Other highlights include Chasing Wind. [Photo provided to China Daily]

While expressing his compassion for the ordinary people in the painting, Xu brightened the tone by adding clusters of lush bamboo and plum blossoms to indicate people's persistence.

When the painting appeared at an exhibition in Hong Kong in 1938, it moved many in the audience, including an Indian diplomat, who wished to buy it. Since the painting was inscribed with "a gift to my beloved wife", Xu is said to have painted another one for the diplomat.

Xu Ji, Xu Beihong's grandson and the Chongqing exhibition's curator, says the two pieces look much the same except for one difference: Xu Beihong changed the face of the young man in the center of the original work into his own face. The second painting sold to the diplomat fetched 171 million yuan ($24 million) at a Beijing auction in 2010.

The original Baren Jishui was also on show at Nation and Era, an exhibition held at the National Art Museum of China in 2018, showing how Xu Beihong encouraged people to strive for independence and righteousness through his works.

Other highlights include Cats. [Photo provided to China Daily]

Wu Weishan, director of the National Art Museum of China, then said the work revealed the humane side of Xu Beihong, who came from a humble background, growing up in rural Jiangsu province in East China. Wu quoted the artist as often saying, "People may have no pride, but cannot live without integrity."

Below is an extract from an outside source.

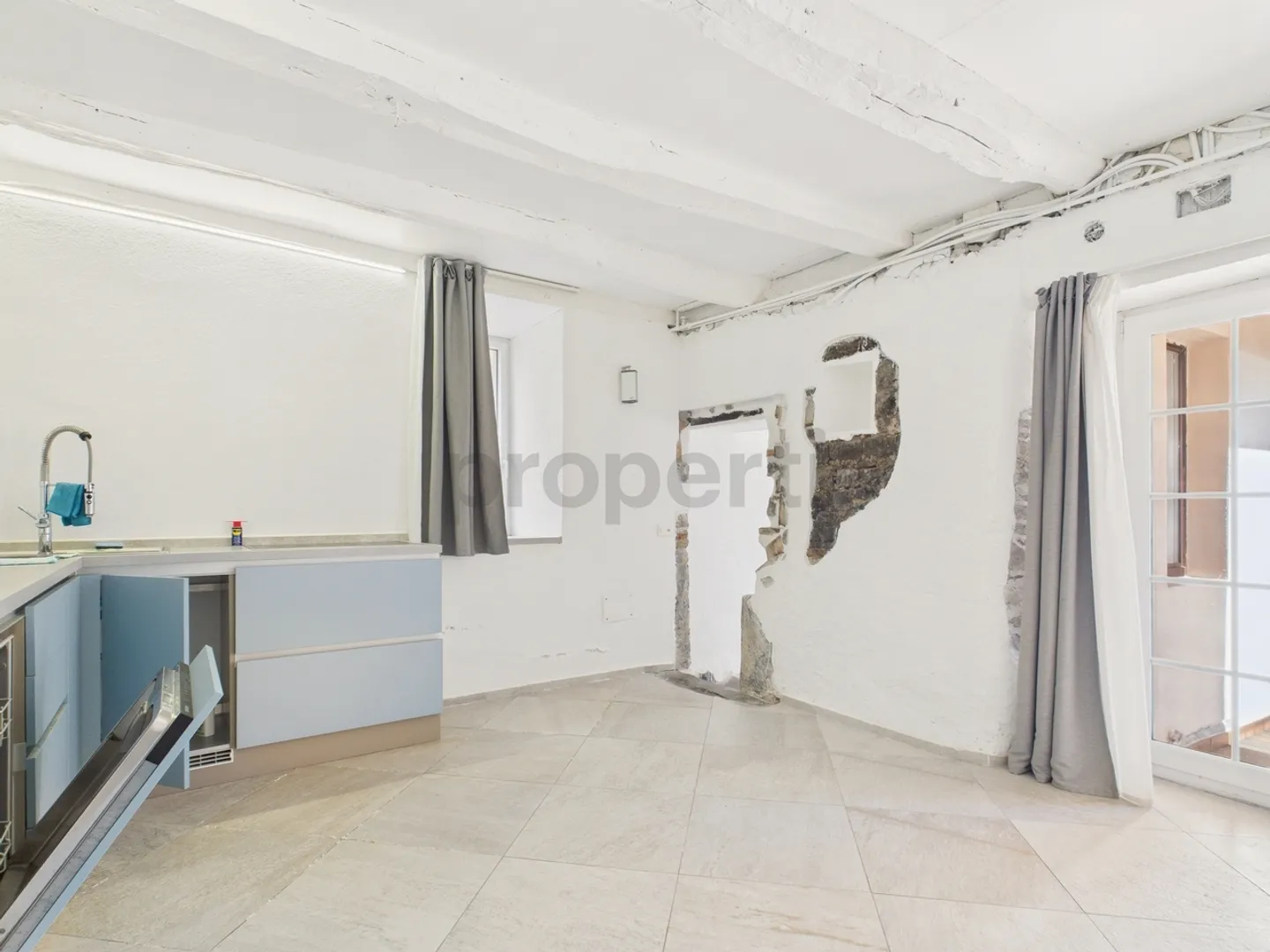 Elegant independent house with large balcony, Breggia - Photo 2 of 13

Huang Zuolin, head of Chongqing Normal University's fine arts college, attended the Chongqing museum's opening. Huang says the national spirit can not only be understood in art depicting historic events and notable figures, but it is also well presented in works like Baren Jishui that "show common scenes of daily life to reflect the suffering of people at the grassroots in difficult times, as well as their unyielding courage".

The museum has re-created Xu Beihong's studio and study. And it has opened to the public a basement of some 130 square meters in one of the mansions.

Built with bricks, the basement was where he stored books and took shelter from bombings during wartime. The basement also kept Xu Beihong cool during Chongqing's infamous summer, allowing him to paint and sometimes hold lectures for young artists and meet friends.

He often received noted artists, including Zhang Daqian and Wu Zuoren, there to talk about a future national fine arts academy. Xu Beihong headed the Central Academy of Fine Arts in Beijing from 1946 until his death.

He sought to reform classical Chinese painting by infusing oil-painting approaches and influenced many young artists.

The current exhibition also has dozens of paintings by four other artists-Li Keran, Li Hu, Zong Qixiang and Zhang Anzhi, all of whom were inspired by Xu Beihong to establish their own styles.

Xu Qingping, the son of Xu Beihong, says the new museum is dedicated not just to the memory of his father but also other artists who thought about the well-being of ordinary people and strove for the country's future.

"It stands as a monument to their devotion and tenacity," he says.